══ TASK INPUT
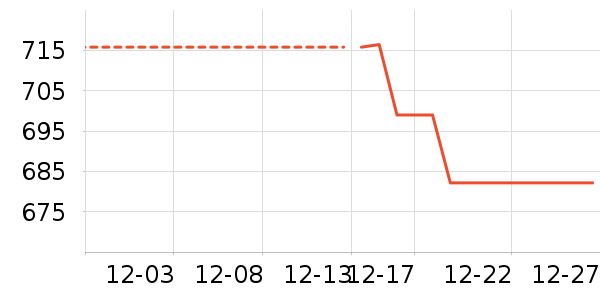 �˶�Ь��ʷ�۸�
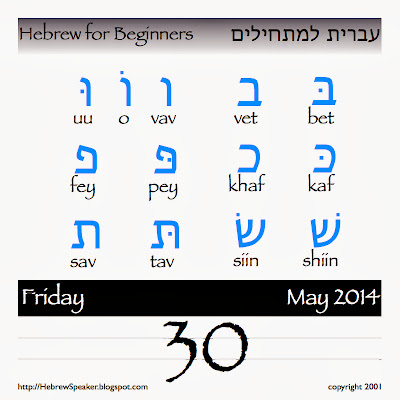 HebrewSpeaker Welcome! Today's Hebrew lesson The "Dagesh".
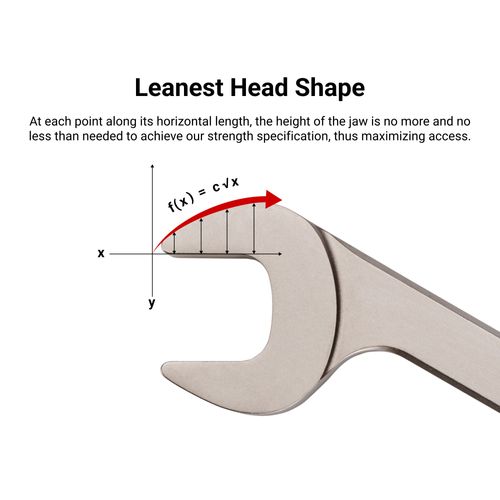 Main product image of Angle Head Open End Wrench Set, 27-Piece (6-32mm)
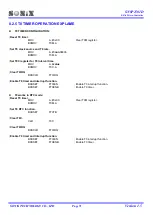 Предварительный просмотр 71 страницы SONIX SN8P25011D User Manual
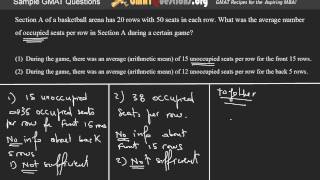 GMAT Questions - Algebra - Weighted Averages - Question 5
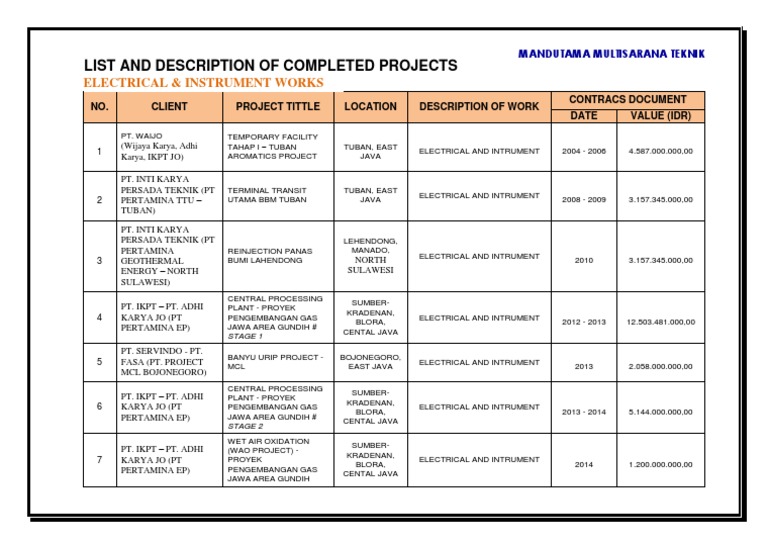 Completed Electrical Projects Overview | PDF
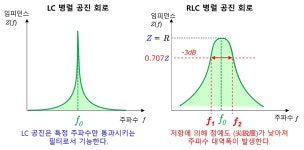 RLC 공진회로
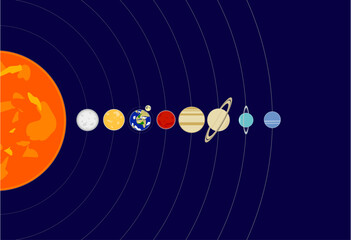 Planets of solar system poster © ヒロ イケダ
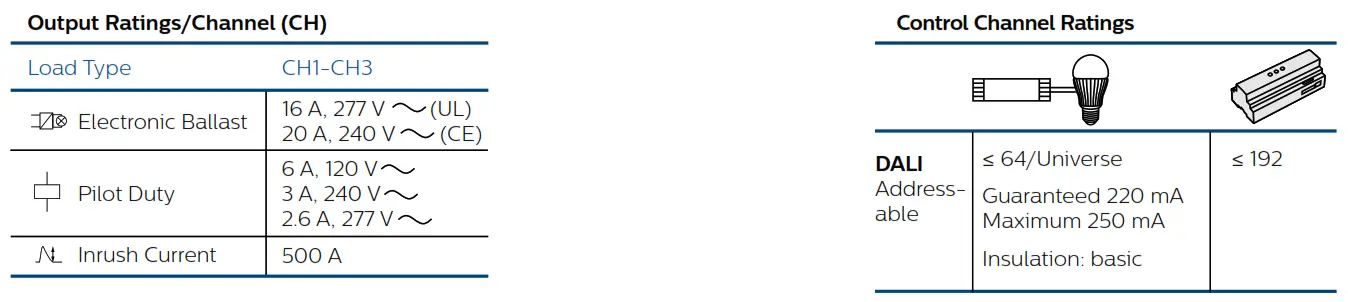 PHILIPS DDBC320 DALI 2 Driver Controlle - fig3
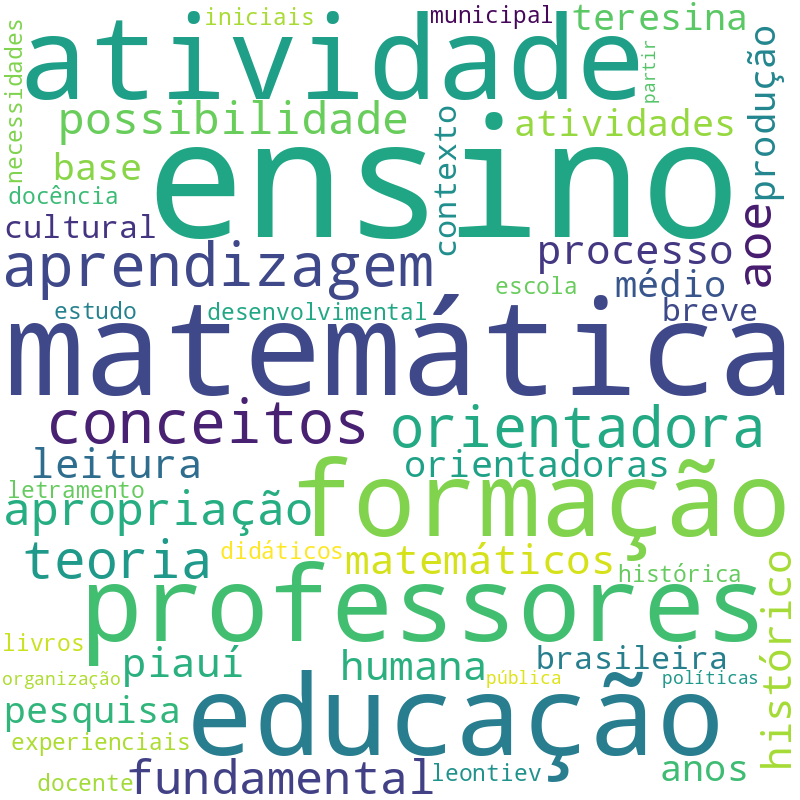 Nuvem de termos dos títulos das publicações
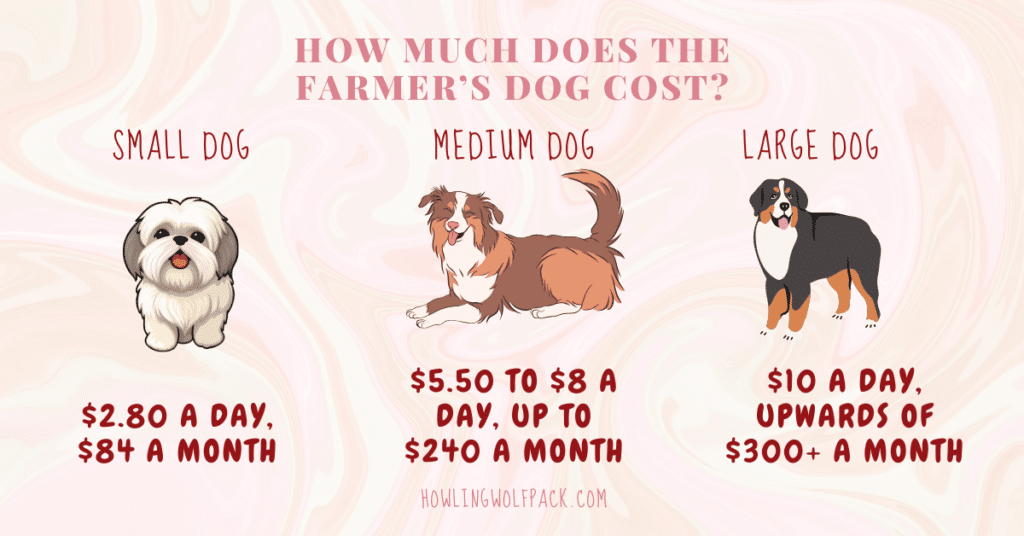 The Farmer's Dog Cost comparison for 3 different dogs - How Much is the Farmer's Dog Per Week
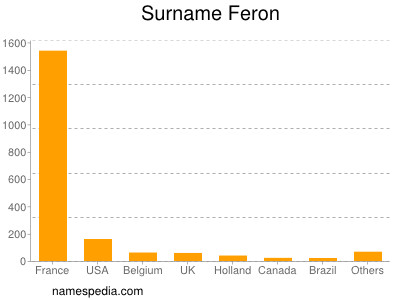 Familiennamen Feron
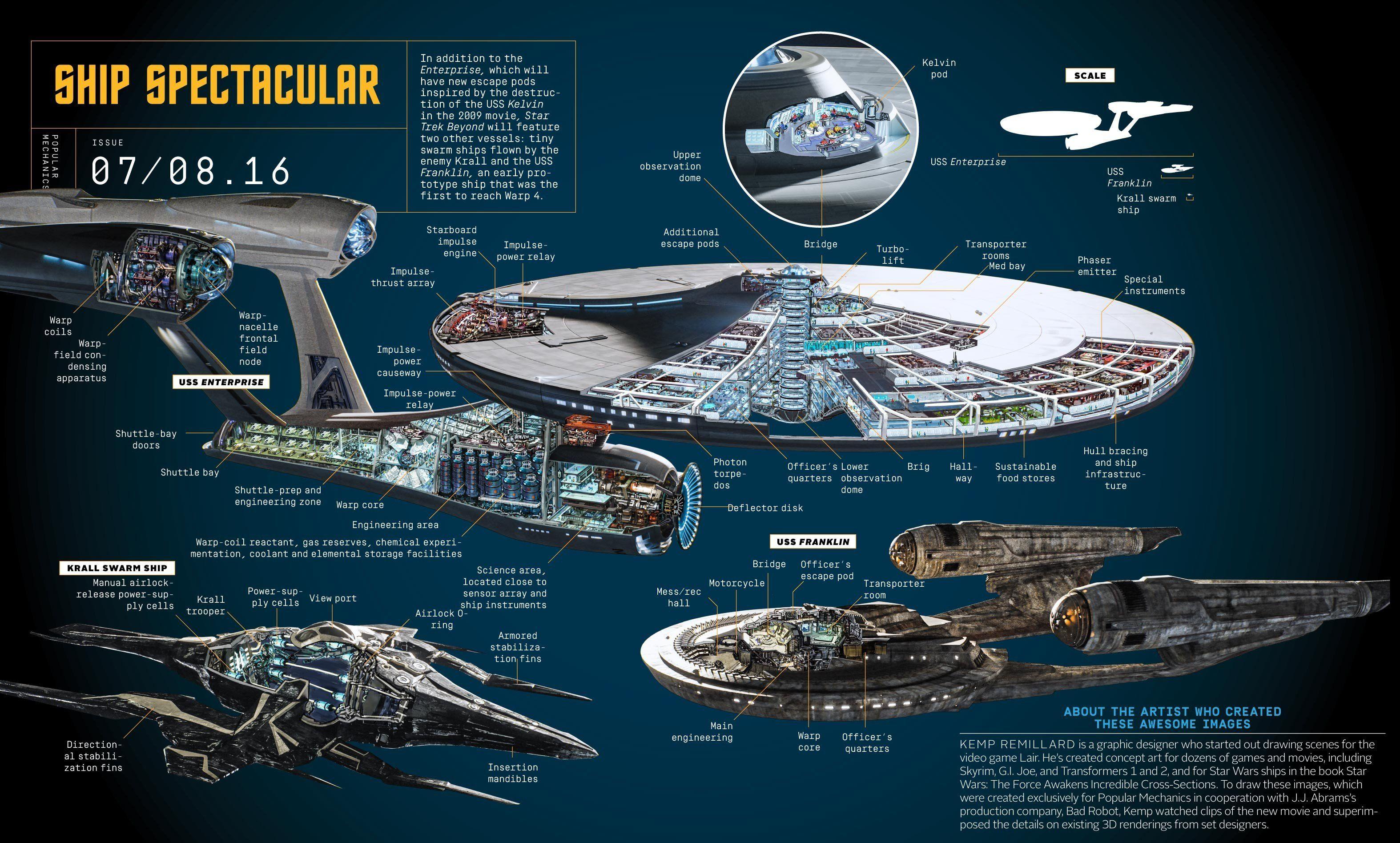 3148x1895 Star Trek, Star Trek: Enterprise HD Wallpaper / Desktop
════
Print out the entries once more, unchanged. No pictures.

## REPLY TO THE TASK
 �˶�Ь��ʷ�۸�
 HebrewSpeaker Welcome! Today's Hebrew lesson The "Dagesh".
 Main product image of Angle Head Open End Wrench Set, 27-Piece (6-32mm)
 Предварительный просмотр 71 страницы SONIX SN8P25011D User Manual
 GMAT Questions - Algebra - Weighted Averages - Question 5
 Completed Electrical Projects Overview | PDF
 RLC 공진회로
 Planets of solar system poster © ヒロ イケダ
 PHILIPS DDBC320 DALI 2 Driver Controlle - fig3
 Nuvem de termos dos títulos das publicações
 The Farmer's Dog Cost comparison for 3 different dogs - How Much is the Farmer's Dog Per Week
 Familiennamen Feron
 3148x1895 Star Trek, Star Trek: Enterprise HD Wallpaper / Desktop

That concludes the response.